We only brought Ava along because not bringing her was awkward. She came grudgingly and seemed — at least at first — bored. She was in the summer between sixth and seventh grade, caught up in the thrill of being a newly minted middle schooler and barely handling bigger responsibilities and homework. She wasn’t ready to think of herself as a high school student, let alone a college coed.
And, admittedly, the tours — our first was at the University of North Carolina at Chapel Hill — started out slowly. We had signed up for the official guided tour. It began with a lecture by the admissions officer, who focused on statistics about how many people get in, what sort of students they look for, and other details that would interest serious applicants — but not my kids. Next, though, came the student-led tour.

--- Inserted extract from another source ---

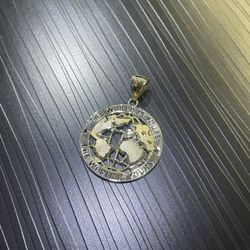 10k The World Is Yours Pendant 🥶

In this, a witty, self-deprecating young man who claimed to be a middling student academically (though I doubt this) walked us around and showed us college life from a student's perspective. “I have only one claim to fame,” he told the small crowd, wilting in the southern heat. “I started a secret society.” The teens in the group wanted to know more. But he was mum. “It’s secret,” he insisted.
He had the high schoolers’ attention now, though my middle schooler was still bored. Our tour guide showed us his favorite dorms, the best place to get pizza, and where students go to study and relax. He told us local lore about trees that held good luck for the school, showed us video of flash mobs in the library, pointed out a famous student basketball player he’d lost a girlfriend to, and shared the campus rule about never kissing on a certain bench because of the superstition that it would end in marriage. I enjoyed the tour and so did Cole.